German police crack down on “jobless” Romanians with luxury cars

German police and prosecution began a crackdown on foreign citizens – mostly Romanians – taking advantage of the country’s generous welfare system, weekly magazine Der Spiegel writes. In an interview with the magazine Stefan Müller, public prosecutor in the northwest German town of Duisburg near the Dutch border said police staked out two jobless centers and seized several luxury vehicles from Romanians coming to pick up their monthly allowance.

The cars included a Mercedes 500, BMWs and Porsches. According to German law welfare recipients cannot posses cars with a value exceeding EUR 7,500. A low-mileage used Mercedes 500 still costs about ten times as much.

Müller said the state recently appointed two undercover special prosecutors to Duisburg, the town with the highest incidence of welfare fraud.
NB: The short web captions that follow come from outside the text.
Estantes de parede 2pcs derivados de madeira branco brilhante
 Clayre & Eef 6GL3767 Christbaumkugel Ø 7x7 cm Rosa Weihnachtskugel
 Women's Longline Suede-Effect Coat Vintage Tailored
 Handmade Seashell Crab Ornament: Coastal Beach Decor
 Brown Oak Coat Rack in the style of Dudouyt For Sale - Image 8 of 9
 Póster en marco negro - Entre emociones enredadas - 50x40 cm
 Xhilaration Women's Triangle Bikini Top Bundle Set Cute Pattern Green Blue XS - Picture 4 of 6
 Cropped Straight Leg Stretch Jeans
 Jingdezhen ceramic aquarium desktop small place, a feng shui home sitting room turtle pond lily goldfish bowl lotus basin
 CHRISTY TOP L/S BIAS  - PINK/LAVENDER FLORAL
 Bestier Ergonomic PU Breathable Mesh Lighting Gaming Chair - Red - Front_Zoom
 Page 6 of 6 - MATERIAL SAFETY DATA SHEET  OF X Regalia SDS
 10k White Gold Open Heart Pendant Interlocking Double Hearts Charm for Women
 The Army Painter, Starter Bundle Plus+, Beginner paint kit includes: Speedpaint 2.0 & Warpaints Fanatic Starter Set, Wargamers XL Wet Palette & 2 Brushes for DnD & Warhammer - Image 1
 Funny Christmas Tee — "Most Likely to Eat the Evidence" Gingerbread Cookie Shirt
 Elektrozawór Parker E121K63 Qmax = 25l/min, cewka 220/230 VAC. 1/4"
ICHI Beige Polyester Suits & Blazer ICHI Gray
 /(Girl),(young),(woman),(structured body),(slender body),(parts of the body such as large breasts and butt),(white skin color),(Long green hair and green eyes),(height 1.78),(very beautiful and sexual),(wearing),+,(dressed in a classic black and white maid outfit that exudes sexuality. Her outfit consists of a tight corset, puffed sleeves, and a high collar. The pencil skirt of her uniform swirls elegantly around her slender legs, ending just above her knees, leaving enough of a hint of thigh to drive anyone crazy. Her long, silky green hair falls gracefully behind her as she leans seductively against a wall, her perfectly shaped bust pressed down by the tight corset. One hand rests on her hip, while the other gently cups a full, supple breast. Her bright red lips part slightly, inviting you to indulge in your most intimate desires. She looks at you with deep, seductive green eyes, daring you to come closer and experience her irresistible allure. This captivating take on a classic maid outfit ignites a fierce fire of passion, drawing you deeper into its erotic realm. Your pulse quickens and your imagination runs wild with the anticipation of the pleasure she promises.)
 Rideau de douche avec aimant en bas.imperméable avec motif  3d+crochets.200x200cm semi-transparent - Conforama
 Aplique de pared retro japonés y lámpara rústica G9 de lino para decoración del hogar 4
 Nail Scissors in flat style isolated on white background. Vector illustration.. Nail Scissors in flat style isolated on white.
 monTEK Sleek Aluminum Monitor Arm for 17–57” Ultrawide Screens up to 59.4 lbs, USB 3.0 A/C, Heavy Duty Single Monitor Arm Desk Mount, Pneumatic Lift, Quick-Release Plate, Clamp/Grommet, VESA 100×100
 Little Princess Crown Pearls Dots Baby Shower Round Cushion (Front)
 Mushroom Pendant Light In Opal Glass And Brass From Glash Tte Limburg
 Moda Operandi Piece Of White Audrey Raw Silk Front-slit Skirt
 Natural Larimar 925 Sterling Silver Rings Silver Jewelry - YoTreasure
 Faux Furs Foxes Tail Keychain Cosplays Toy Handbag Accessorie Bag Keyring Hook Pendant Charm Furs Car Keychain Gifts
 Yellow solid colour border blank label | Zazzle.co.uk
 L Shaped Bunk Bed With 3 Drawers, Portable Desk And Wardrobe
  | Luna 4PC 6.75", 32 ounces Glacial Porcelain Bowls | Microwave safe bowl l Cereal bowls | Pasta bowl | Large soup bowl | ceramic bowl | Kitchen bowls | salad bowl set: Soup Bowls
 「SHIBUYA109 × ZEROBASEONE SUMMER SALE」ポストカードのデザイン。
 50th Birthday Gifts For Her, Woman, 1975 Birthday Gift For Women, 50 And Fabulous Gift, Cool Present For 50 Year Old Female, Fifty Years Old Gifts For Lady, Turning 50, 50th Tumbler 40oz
According to the current German regulation regarding jobless and social benefits, the so-called Hartz IV, if a single person in a family has a part-time job of at least 15 hours a week, the rest of his family is entitled to a monthly allowance of EUR 420 per month.

He said Duisburg is the town with the highest incidence of such fraud, mainly perpetrated by Romanians, citizens from the former Yugoslav states and Albania. There are 8,000 Romanians with a registered residence in Duisburg. Müller named these groups “clans”, saying that none of their members have worked a single day in their lives. He said including family members there are at least 2,800 people belonging to the clans in Duisburg. In addition of possessing luxury vehicles, most of them also have high-value real estates in their home countries or elsewhere – a fact that would also preclude them from receiving social benefits.

According to figures from the German Federal Statistics Office (Statistisches Bundesamt) some 623 thousand Romanians were registered in GErmany, most of them either working or studying. But of those without a job only 5.9% were actively seeking employment.